Wednesday, November 21, 2007

Lack of Black Tech Professionals Hurts US, Bill Gates Says - InformationWeek




A recent survey states that less than 10% of alumni of computing machine scientific discipline programmes in the U.S. are achromatic -- a fact that volition lend to a deficit of engineering people in the old age ahead, Microsoft president Bill Bill Gates said.


"The United States is not turning out from any grouping as many of the great applied scientists as there will be occupations for," said Gates, who added that blacknesses are particularly underrepresented in the technical school industry because high school dropout rates in the achromatic community transcend 50%.


"That is a arresting figure ... the tendencies are very much workings against person in that situation," said Gates, speaking Friday at a conference hosted by the National Society of Black Engineers at Microsoft's Redmond, Wash., headquarters.


"There will be a immense figure of computing machine scientific discipline occupations created over the adjacent 10 years, and the figure of people majoring in those topics is falling short of that," said Gates.

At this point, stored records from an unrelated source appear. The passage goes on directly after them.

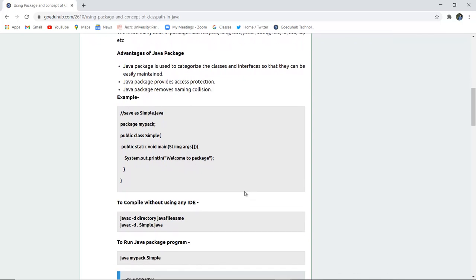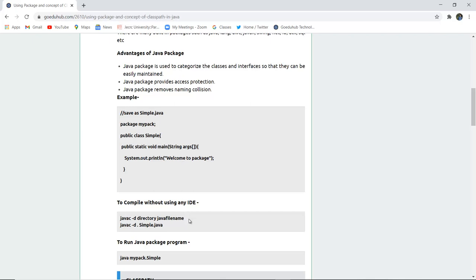Here is a very simple package program. Firstly, you need to create a package, package mypack, and then you have to create a public class named simple. In the system.out.println statement we have just simply written welcome to package.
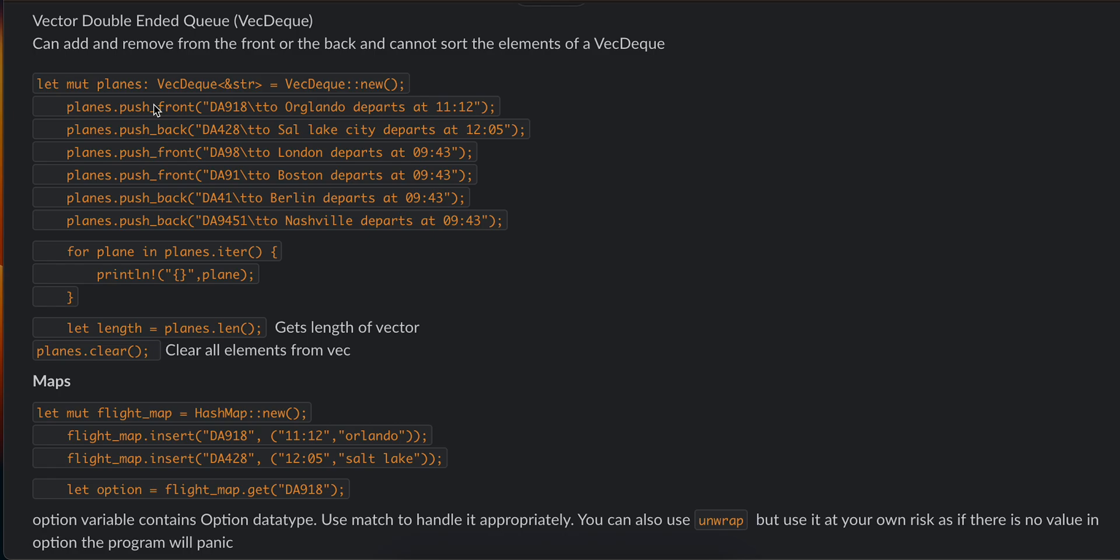You can iterate over it. You can get its length using .len(). You can clear all the elements using .clear().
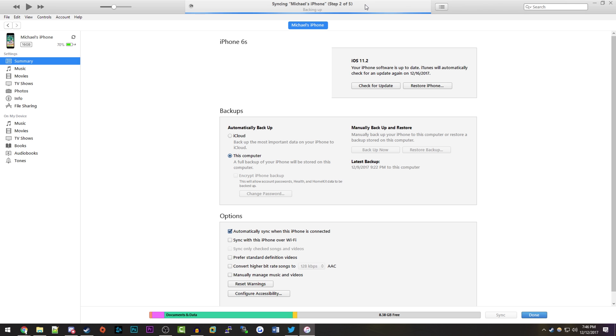As you can see, it's going to go ahead and back up anyway. There's really nothing else you have to do here besides wait for this backup to finish.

According to a survey by the National Science Foundation, fewer than 6,000 of the 52,500 inch the U.S. in 2004 were black. "The shallow pool of accomplishments is due, in part, to the deficiency of minorities being drawn into technology," said NSBE executive manager director Carl Mack, in a statement.

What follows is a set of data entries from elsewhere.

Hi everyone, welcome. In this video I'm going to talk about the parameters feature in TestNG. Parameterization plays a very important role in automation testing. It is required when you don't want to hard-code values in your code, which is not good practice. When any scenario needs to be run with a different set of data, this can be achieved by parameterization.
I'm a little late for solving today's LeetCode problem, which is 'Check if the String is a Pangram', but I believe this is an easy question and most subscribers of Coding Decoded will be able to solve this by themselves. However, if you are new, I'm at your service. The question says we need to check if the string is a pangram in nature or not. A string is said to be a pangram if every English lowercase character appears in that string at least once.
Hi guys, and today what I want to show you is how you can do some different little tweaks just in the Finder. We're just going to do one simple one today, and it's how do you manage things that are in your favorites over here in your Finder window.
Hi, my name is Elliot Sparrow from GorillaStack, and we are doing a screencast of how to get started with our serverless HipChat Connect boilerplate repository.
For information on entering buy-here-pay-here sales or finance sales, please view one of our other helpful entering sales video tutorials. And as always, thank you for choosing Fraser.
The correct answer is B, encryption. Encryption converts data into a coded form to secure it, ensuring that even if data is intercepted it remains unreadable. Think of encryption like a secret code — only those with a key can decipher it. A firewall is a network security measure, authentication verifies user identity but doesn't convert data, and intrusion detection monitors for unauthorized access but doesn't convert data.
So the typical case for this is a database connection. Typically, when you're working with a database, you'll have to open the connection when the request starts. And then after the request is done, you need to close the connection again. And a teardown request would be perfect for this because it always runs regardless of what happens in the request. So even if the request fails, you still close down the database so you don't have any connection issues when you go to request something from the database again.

Microsoft, named by the NSBE on Tuesday as the top employer for achromatic engineers, said it's trying to change that by partnering with NSBE and hiring and promoting African-American programmers and engineers.


The company also announced a software system developer grant to the NSBE that gives its members a three-year membership in the Microsoft Developer Network Academician Alliance. The ranks give NSBE mental faculty and pupils entree to a scope of Microsoft merchandises and technologies, including Windows Vista, SQL Server, and Ocular Studio.


Gates said Friday that Microsoft will go on its attempts to construct a diverse workforce. "We desire to acquire achromatic engineers, Latino applied scientists ... everyone that we can," he said.